In any case, I know what my target is now. I’m re-plotting, and working out things like back story before I start writing again. I’m going back to my original premise, taking out the suspense elements, and aiming for straight, hot, contemporary romance – which is what I wanted it to be in the first place. I’m excited, because this story hasn’t felt “right” in months, and now that I’ve regrouped, it’s flowing easily again.

I hope that with a little more careful brainstorming and character-driven plotting, I can keep from doing this too often in the future. Learning how to finish drafts by “just writing” no matter what came out was a good way to build confidence in getting to “The End”, but now that I’m past that, I want to focus on writing well the first time out, rather than just writing to get words down. Just another stage of my writing “journey”.

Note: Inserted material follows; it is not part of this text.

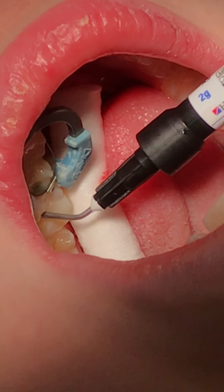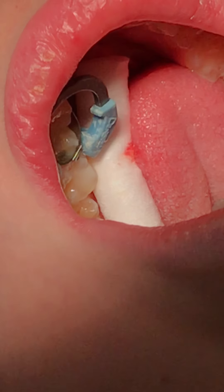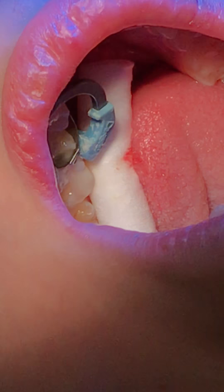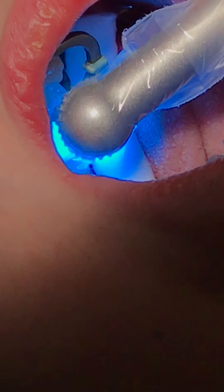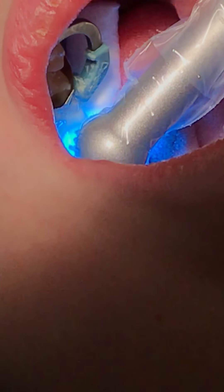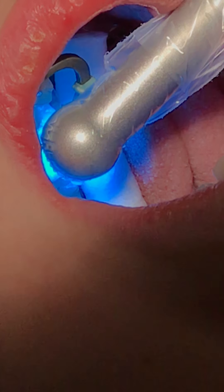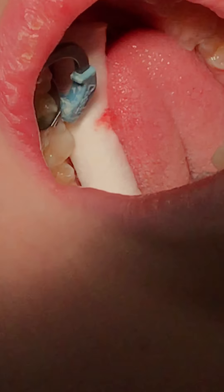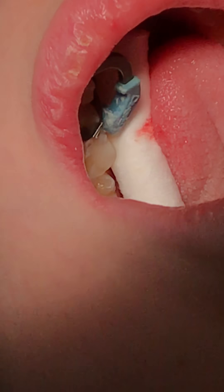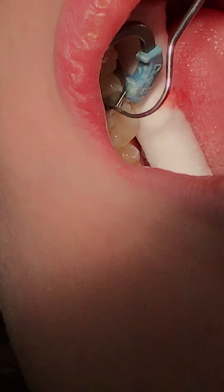Make sure I'm under these areas that are undercut — I've got the decay out. Then proceed and cure it. I don't like to put a whole bulk in there at one time because every little layer you can get optimal polymerization just by building it up gradually — there's no rush. Make sure it's nice and polymerized — looking good.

I’m assuming I’m not the only one who’s “missed the target” with a draft before – when was the last time you found yourself writing the “wrong” story? How did you regroup (or did you just let it go, and start over with a new idea)?

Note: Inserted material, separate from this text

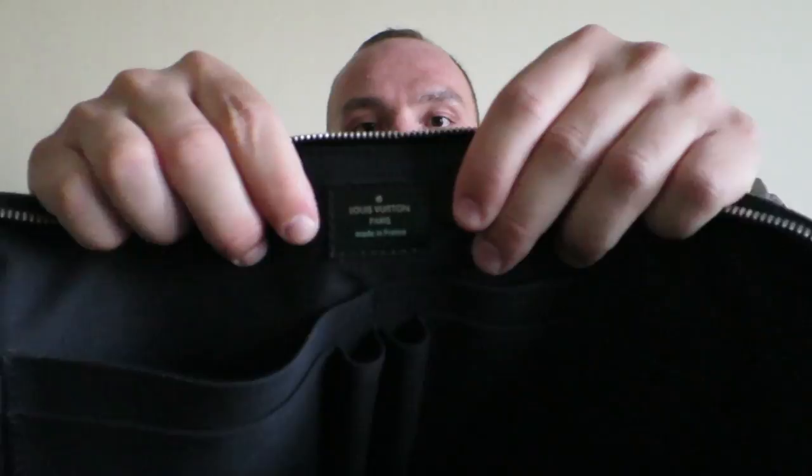Nothing else inside other than your standard Louis Vuitton logo. This particular bag was made in France.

6 comments on “Construction Zone: Finding the “Target”

  1. Cynthia Schuerr

    I have experienced this with my own WIP. When I set it aside for a few weeks, as they say you should do, before reading it over. When I came back to it, it was all wrong. It had to do with POV. I originally wanted it to be 1st person, but found that it worked better in third.

    I know it feels like such a waste of good writing time, but in fact, I realized how much I had learned.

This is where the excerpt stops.